Search Platform/Weekly Updates/2024-02-23

From Wikitech

Summary

We are in the deployment phase of our multilingual zero-result rate improvements. The new elasticsearch plugins are deployed, the new configuration is ready. Once the configuration is deployed, we will need to reindex all wikis (which takes 2-3 weeks) and analyze the improvements.

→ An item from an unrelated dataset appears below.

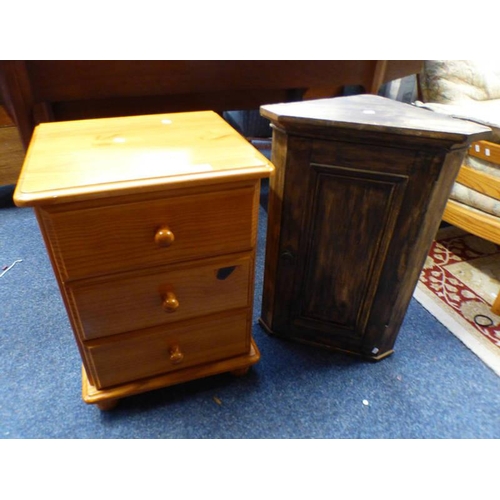 84 - PINE 3 DRAWER BEDSIDE CHEST & SMALL CORNER CABINET WITH SINGLE PANEL DOOR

We are in active conversation with people from Scholia around the WDQS graph split. The discussions are constructive, but we are identifying major impacts to Scholia queries. Some we might be able to resolve, some we might not. In particular, the authors and scholarly articles are on different graphs, which makes some queries complex and expensive to run. Scholia is not only about scholarly articles, but about other types of papers, which now need to be treated differently. This conversation and investigation needs to continue.

What we've accomplished

Improve multilingual zero-results rate

WDQS graph splitting

  • Meeting with Daniel Mietchen and Lane Raspberry
    • Agreed to have regular meetings
    • Still some questions about why we're doing this and what problem we try to solve
    • Question regarding what is wikidata, is it only a wdqs problem or should wikidata stop accepting some data and ask communities to use another hosting solution

more notes: https://etherpad.wikimedia.org/p/wdqs-graph-split-2024-02-15-1

Operations

  • backfill w[dc]qs reconciliation dag after a failure of the canary events system, deployed a quick patch to stop creating this dag dynamically and sense both DC partitions via a single sensor, should decouple the use of the wmf_conf.eventgate_datacenters var in airflow that was set to codfw only to workaround the canary event issue (which I reverted batch ["eqiad", "codfw"] to do the backfill).
    • We might expect some turbulences during the upcoming dc switch (march 19), DE might still rely on a manual switch of that config var in airflow.